Sembilan program prioritas atau Nawa Cita seharusnya menjadi penunjuk arah pembangunan nasional di bawah kepemimpinan pemerintahan Joko Widodo-Jusuf Kalla. Namun, beberapa anggota Dewan Perwakilan Rakyat menilai langkah pemerintah tidak jelas dalam menjalankan Nawa Cita.
Sekretariat Fraksi Partai Golkar, Bambang Soesastyo, mengatakan, pemerintah Jokowi mencoba merealisasikan komitmen membangun dari pinggiran dengan kebijakan alokasi dana desa sebesar Rp 20 triliun pada 2015. Namun, dalam peningkatan produktivitas rakyat dan daya saing di pasar internasional serta mewujudkan kemandirian ekonomi, komitmen itu masih patut diperdebatkan.
“Niat meningkatkan produktivitas dan daya saing sebenarnya sudah dimentahkan oleh Jokowi-JK sendiri,” kata Bambang di Jakarta, Selasa (20/10). Hal itu bisa dilihat dari penaikan harga jual eceran bahan bakar minyak (BBM) pada November 2014. Langkah ini menyebabkan biaya produksi naik dan dampak lainnya harga barang dan tarif jasa ikut naik.
Menurut Bambang, jika biaya produksi tinggi akan sangat sulit memompa produktivitas masyarakat. Sebab, dengan biaya mahal, masyarakat enggan merealisasikan kegiatan-kegiatan produktif. Ada dua alasan.
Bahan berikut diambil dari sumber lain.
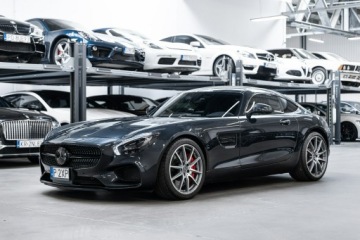 Mercedes AMG GT C190 Coupe 4.0 V8 510KM 2016 Mercedes AMG GT Track Package. AMG Performance., zdjęcie 9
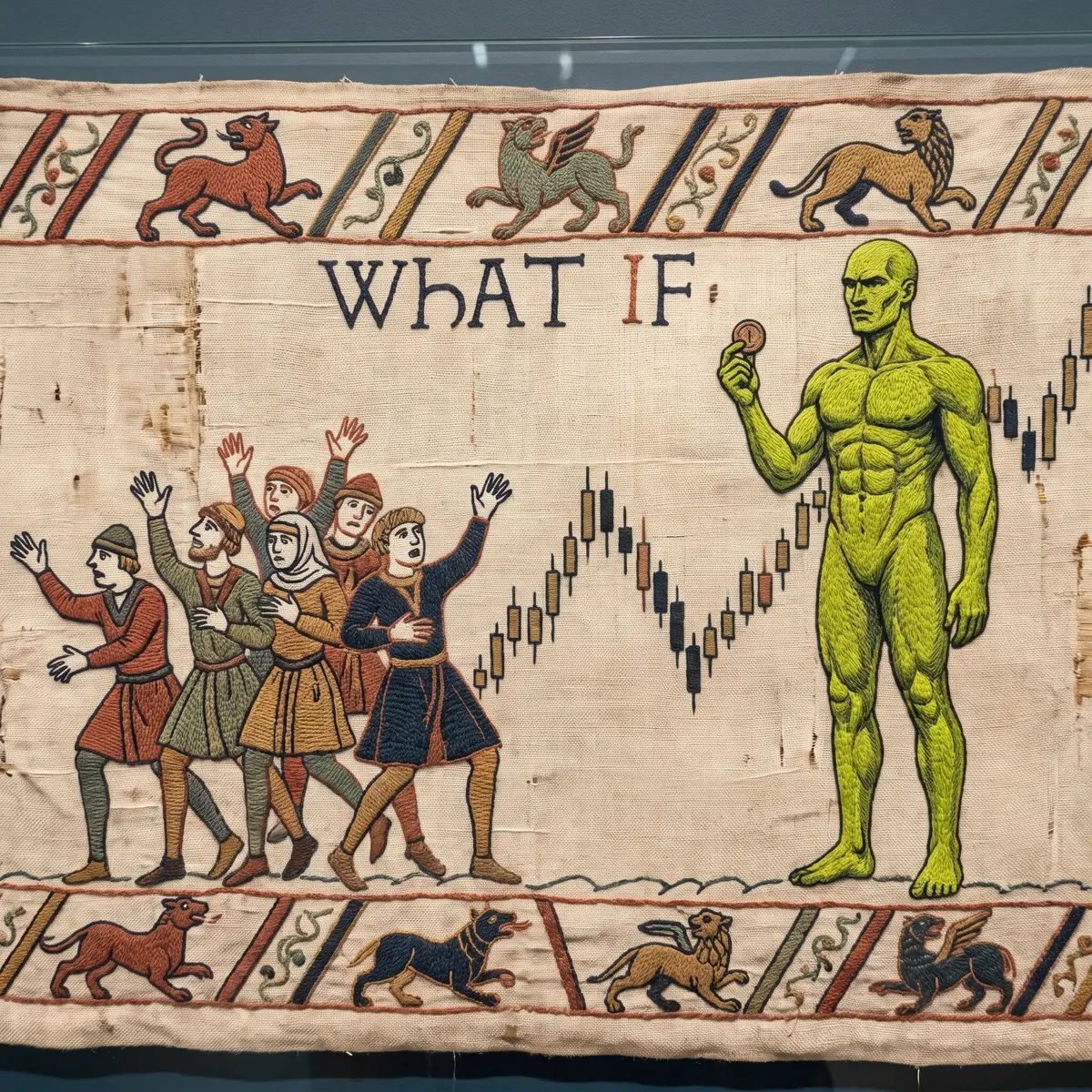 Bayeux tapestry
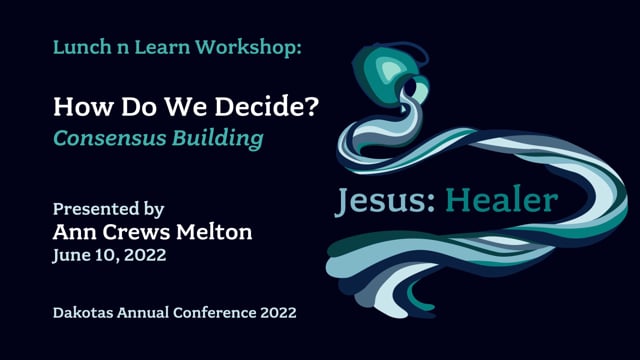 Lunch n Learn: How Do We Decide?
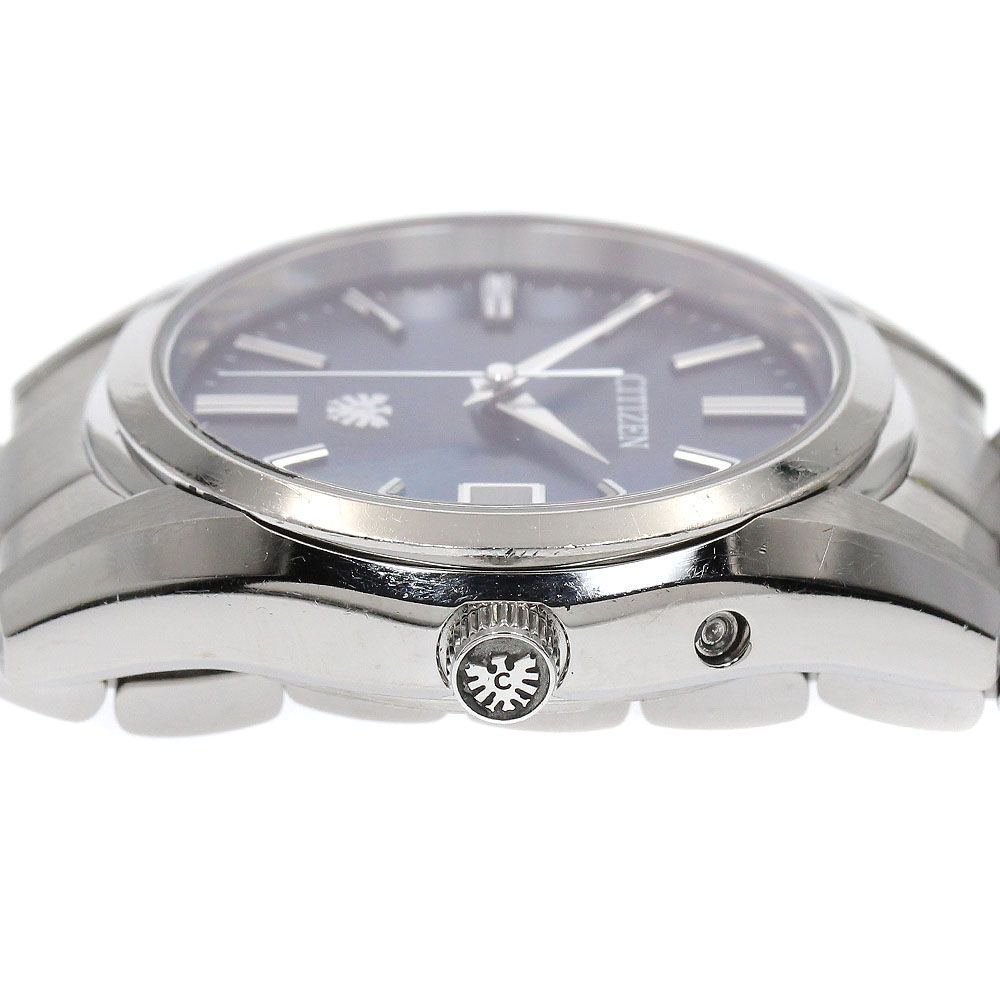 シチズン CITIZEN AQ4080-52L/A060-T026907 ザ・シチズン エコドライブ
Pertama, daya saingnya pasti rendah dalam menghadapi produk impor. Kedua, tidak ada yang mau berspekulasi ketika permintaan pasar sedang lesu.
Karena itu, dalam paket kebijakan ekonomi II dan III, pemerintahan Jokowi-JK mencoba menurunkan biaya produksi dalam negeri, persisnya harga energi. Namun, tindakan itu tidak terlalu berdampak signifikan, sebab pemutusan hubungan kerja (PHK) sudah terjadi di berbagai sektor usaha.
“Upaya menurunkan biaya produksi itu tidak akan efektif jika tidak diikuti penurunan suku bunga. Cita-cita Jokowi-JK mewujudkan kemandirian di bidang ekonomi patut dipertanyakan. Karena pemerintah mengandalkan kekuatan asing dalam membangun infrastruktur,” kata Bambang.
Contohnya, dalam infrastruktur strategis, Jokowi-JK mengundang kehadiran modal asing seperti proyek pembangkit listrik hidro di Tanjung Selor, Kalimantan Utara, sebesar 17 miliar dolar AS dan kereta cepat Jakarta-Bandung Rp 73 triliun. Bambang menilai, fakta ini melahirkan persepsi di publik bahwa pembangunan nasional selama satu tahun terkesan tanpa arah.
Pendapat berbeda diungkapkan Eko Sulistyo, deputi komunikasi politik kantor staf kepresidenan. Dia mengatakan pemerintah Jokowi-JK tidak leluasa mengimplementasikan Nawa Cita. Sebab, tahun anggaran sudah berjalan tapi pemerintah baru masuk sehingga tidak bisa berbuat banyak.
“Implikasinya, perencanaan proyek strategi pemerintah baru dimulai Juni 2015 dan menyebabkan penyerapan anggaran rendah,” kata Eko. Karena itu, jika konsep itu diteruskan, hal serupa terjadi di pemerintahan transisi ke depan.
Selain itu, pemerintah Jokowi mengubah nomenklatur kementerian sehingga menjadi hambatan dalam menjalankan program Nawa Cita. Tapi, tambah Eko, paling tidak pemerintah telah membangun pondasi dasar untuk modal produktif, bukan modal konsumtif yang selama ini menjadi orientasi pemerintah dahulu. “Jika orientasi konsumtif, kita akan kalah bersaing dengan dunia internasional. Bahkan di Asia saja kita tidak mampu bersaing,” kata Eko.